定期登录到服务器上运行smartctl是比较麻烦的,linux提供了系统进程smartd
编辑配置文件:
vi /etc/smartd.conf
这个配置文件中大部分可能是注释掉的说明,只需要和当前硬盘相关的一行写入正确即可:
/dev/hdb -H -m [email protected]
上边的配置表示smartd以静默状态工作,当SMART中报告PASSED的时候不理睬
一旦出现Failure,立刻用邮件通知用户指定的邮箱
修改配置后重启服务:
/etc/init.d/smartd
即可完成对SMART的全部配置。
linux下硬盘检测工具: smartmontools
Smartmontools for SCSI硬盘: http://smartmontools.sourceforge.net/smartmontools_scsi.html

smartctl命令参数列表:

The following options are currently available for SCSI disks and tape drives unless otherwise noted:

    * -a | --all : equivalent to the combination -i -H -A -l error -l selftest options invoked in that order.
    * -A | --attributes : outputs the current device temperature, trip temperature, the number of elements in the grown defect list (GLIST) and data from the start-stop log page. Outputs some vendor specific information if available.
    * -C | --captive : used in conjunction with -t short or -t long options to do short or long self tests in the foreground. [Has no effect on tape drives.]
    * -d TYPE | --device=TYPE where TYPE is "ata", "scsi", "sat", "marvell", "3ware,N", "hpt,L/N[,M]" or "cciss,N". Overrides utility's guess about the class of the device which is based on the form of the nominated device's name.
    * -h | --help : outputs lengthy usage message and exits without any other action.
    * -H | --health : outputs single device health metric determined by the device manufacturer.
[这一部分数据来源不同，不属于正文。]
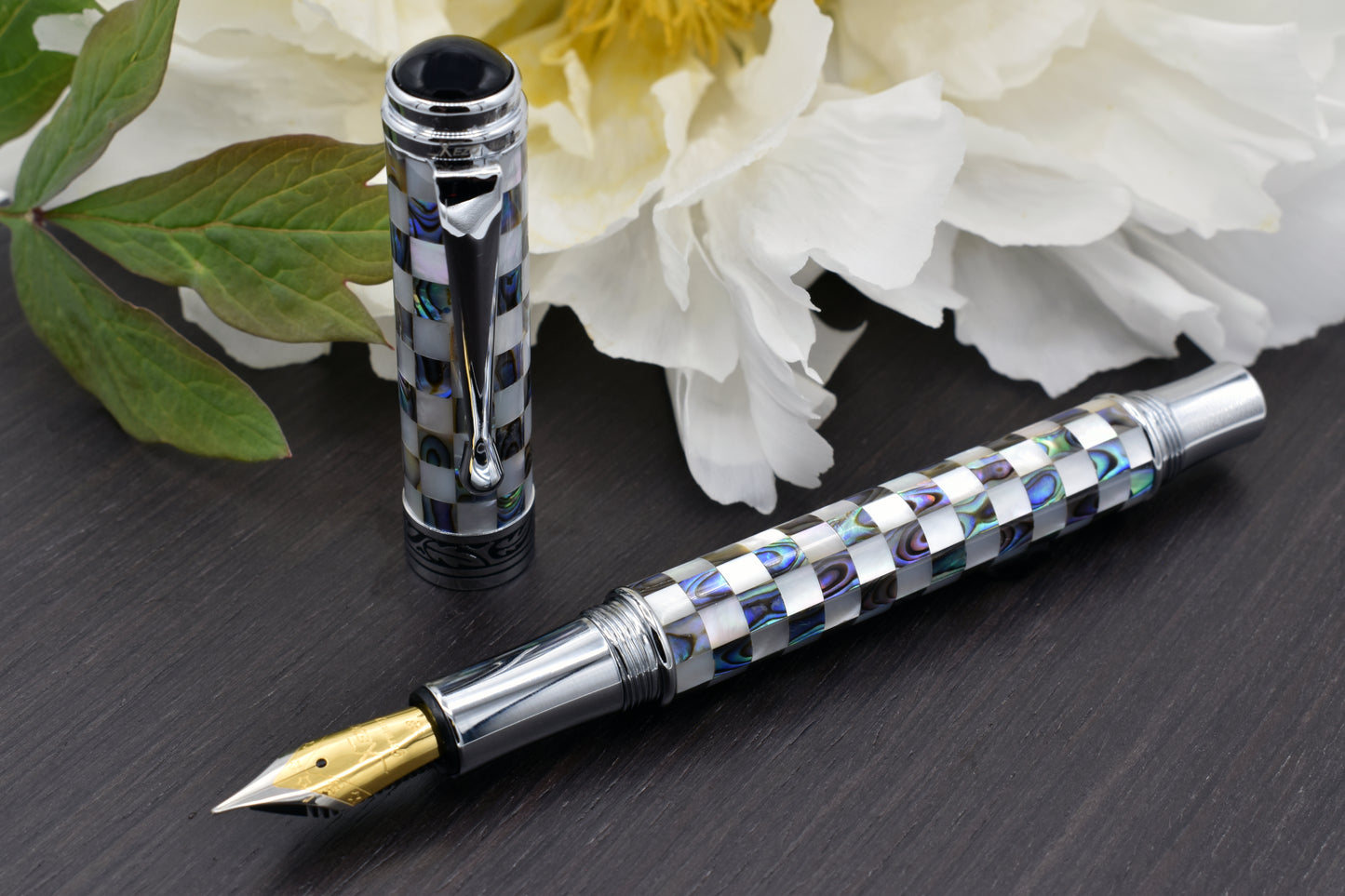 Maestro Jubilee Classic Of The Ocean EF Fountain pen with a peony flower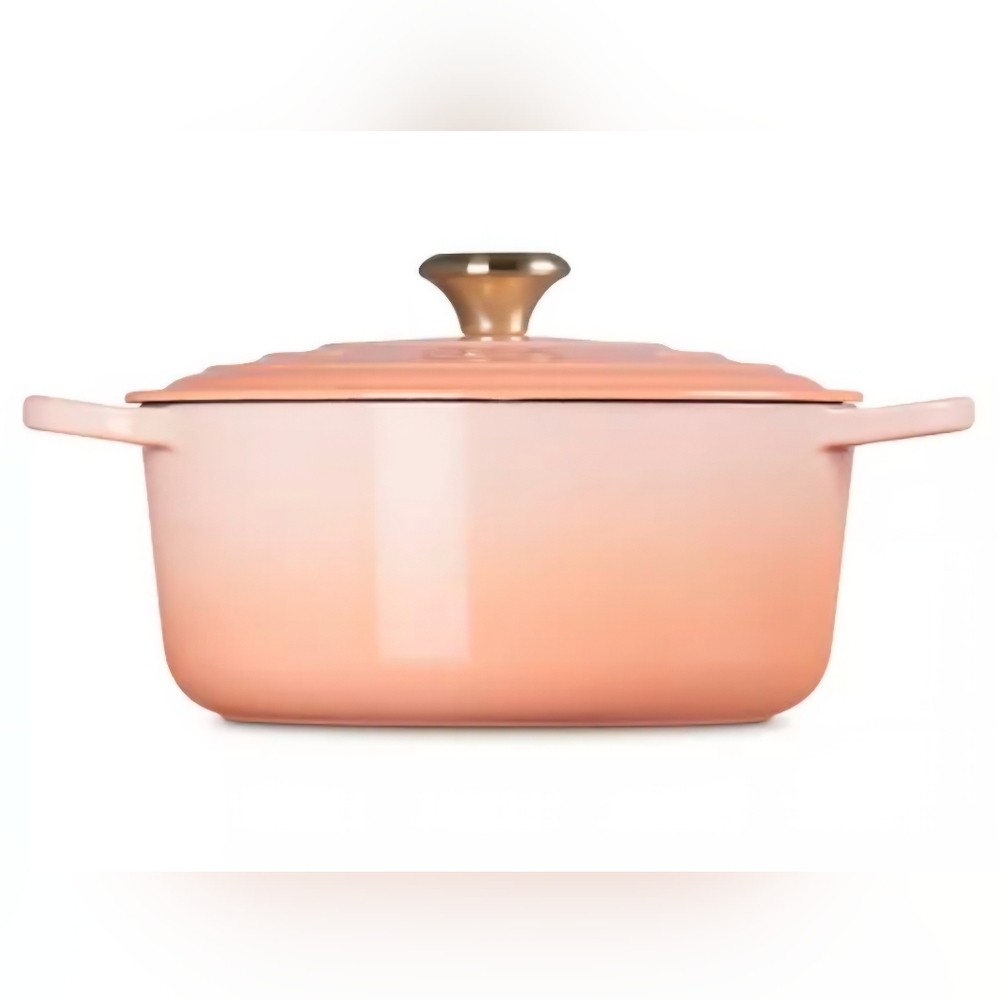 Le Creuset Signature Round Dutch Oven, 5.5 Qt., Color Pêche, Retail $434.95 USD - Picture 5 of 16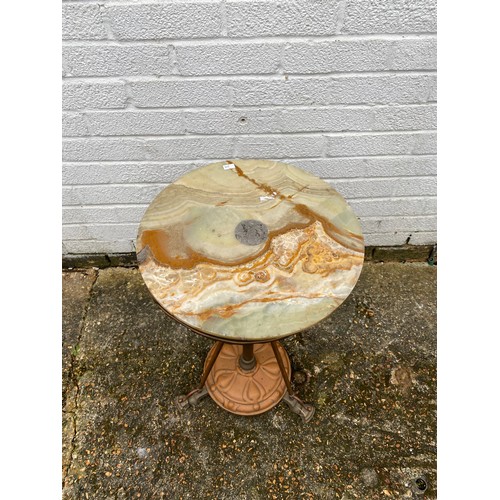 362 - An onyx topped circular occasional table -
This will be "OK" or a failure message.
    * -i | --info : outputs device identification information (derived from a SCSI INQUIRY command) and whether the device supports SMART (and temperature warnings) and if those facilities are currently enabled. The type of transport (e.g. FC or SAS) is also reported, if available. Some users have reported disks that report the wrong transport.
    * -l TYPE | --log=TYPE where TYPE is either "background", "selftest" or "error". Decodes are outputs the requested log. Note that --all does not include --log=background .
    * -q TYPE | --quietmode=TYPE where TYPE is either "silent" or "errorsonly". When the type is silent then nothing is output to the console but the exit status is set (so it is suitable for scripts). For "errorsonly" only errors are output to the console. The exit status is always set. [See the smartctl man page.]
    * -r TYPE | --report=TYPE where TYPE is either "ioctl[,]" or "scsiioctl[,]". Turns on low level debugging of issued commands and responses. These commands are issued through a system command called an "ioctl" in Unix. The debug can be for all issued commands (i.e. "ioctl") or only SCSI commands ("scsiioctl"). Optionally the TYPE can have a comma and a number post pended to increase the volume of debug. See this section for more details.
    * -s VALUE | --smart=VALUE where VALUE is either "on" or "off". Enables or disables SMART monitoring (and temperature warnings).
    * -S VALUE | --saveauto=VALUE where VALUE is either "on" or "off". Controls whether the error log values are preserved across device power cycles.
    * -t TEST | --test=TEST where TEST is either "offline", "short" or "long". Despite its name "offline" is a short foreground test that all SCSI devices should support. A "short" self test is typically 2 minutes or less. A "long" self test will be considerably longer than 2 minutes, depending on the size of the media. The estimated time that a "long" self test will take is printed after the "selftest" log (i.e. with '-l selftest' or '-a')
    * -V | --version : outputs the smartctl version number (including the cvs version of all its source files) and build information then exits without any other action.
    * -X | --abort : will terminate a background short or long self test. Usually the self test log notes that a self test has been aborted. [Has no effect on tape drives.]

简单用法:
1、smartctl -a           检查该设备是否已经打开SMART技术。
2、smartctl -s on     如果没有打开SMART技术,使用该命令打开SMART技术。
3、smartctl -t short     后台检测硬盘,消耗时间短;
   smartctl -t long       后台检测硬盘,消耗时间长;
   smartctl -C -t short 前台检测硬盘,消耗时间短;
   smartctl -C -t long   前台检测硬盘,消耗时间长。
其实就是利用硬盘SMART的自检程序。
4、smartctl -X   中断后台检测硬盘。
5、smartctl -l selftest   显示硬盘检测日志。
6、smartctl -l error 显示硬盘错误汇总。